“The one thing about sake is it’s really complicated,” Kaz Okochi posits at a corner table of his restaurant. His sits with a small group he has assembled for a class on the Japanese rice wine. “I don’t know if people need to know that much.”
But he’s willing to teach as much as people are interested in knowing.
On Monday evenings this month, Okochi will host a weekly sake tasting class at Kaz Sushi Bistro. The lesson includes a few hours around a table with Chef Kaz, seven premium sake pours, and izakaya style snacks from the kitchen’s menu like chicken wings that rival Bonchon, morsels of fried cubed pork with onion, and classic okonyomaki with bonito flakes fluttering atop the pancakes.
For $45 a person, which includes tax and gratuity, the class is practically being given away. The price is more than worth it for the drinks and food alone. And it comes with the wisdom and banter with the man who may be Washington’s leading sake expert and ambassador—and now a certified sake advisor. For Chef Kaz, the point is about sharing parts of his culture with those who want to learn.
“At this point, it’s not about the money,” explains Kaz who sees consistent business at his namesake restaurant in Golden Triangle and is also part owner of Masa 14. “It’s about being Japanese and being proud to share a Japanese product.”
That means learning a little bit about how brews differ based on to what percentage the rice is polished down, where the grains come from, different types of sake and their tasting notes, as well as the chance to pick out a new sake cup from the presented tray for each new bottle brought out.
No hot sakes are served here. That’s more for the cheap house pours that used to be just about all you could find in a Japanese restaurant. Kaz recounts a story of when he first brought premium sake to Washington when he was working at Sushi Ko in 1992, an effort which required a promise to buy every bottle his distributor brought over. A customer thought serving sake cold was a gimmick.
With the proliferation of high end sushi and izakaya restaurants in the city and range of sakes available, that’s clearly no longer the case. There’s the sparkling, cloudy Hakkaisan Sparkling Nigori Kaz serves; cans like Kikusui’s Funaguchi Kunko which packs an undiluted, unpasteurized, powerful punch; and one called Perfect Snow that is almost like chewing on a textured, creamy, funky, sweet milk.
And it’s not just restaurants like Kaz Sushi Bistro where pours can be obtained.
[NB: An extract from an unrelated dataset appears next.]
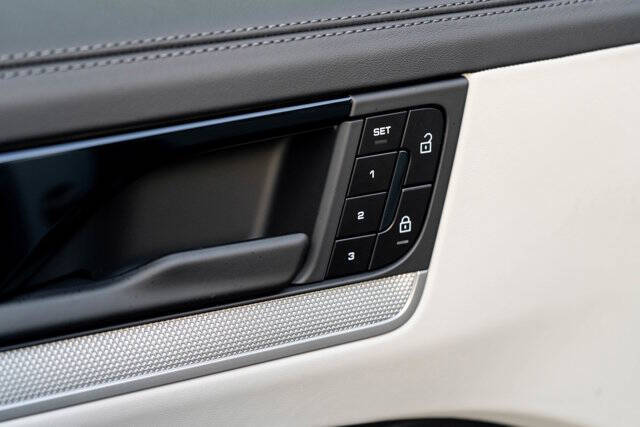 2024 Porsche Cayenne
Bottles and cans are available retail at H Mart and Lotte Plazas across Northern Virginia as well as a some smaller D.C. liquor stores. Kaz no longer needs to promise to buy all the bottles to ensure a local market for the rice wine.
The National Cherry Blossom Festival recently hosted their Grand Sake Tasting event, which saw 14 sake brewers from prefectures across Japan serving many of the selections Kaz has on his menu and dozens more. Chef Kaz was characteristically in the middle of things, working his restaurant’s table on his own with a reserved smile, but willing to engage just as at his class. He assembled skewers of raw, sake salmon with the miso marinated mozzarella that he also serves as one of the snacks at his sake tasting class. After the event, organizers and brewers boarded a bus bound for Kaz Sushi Bistro for the sake-fueled after party.
Seats at the Monday Night Sake Class can be reserved online. There’s very limited inventory available for October 5, 12, and 19 classes.
Kaz Sushi Bistro is located at 1951 I Street NW.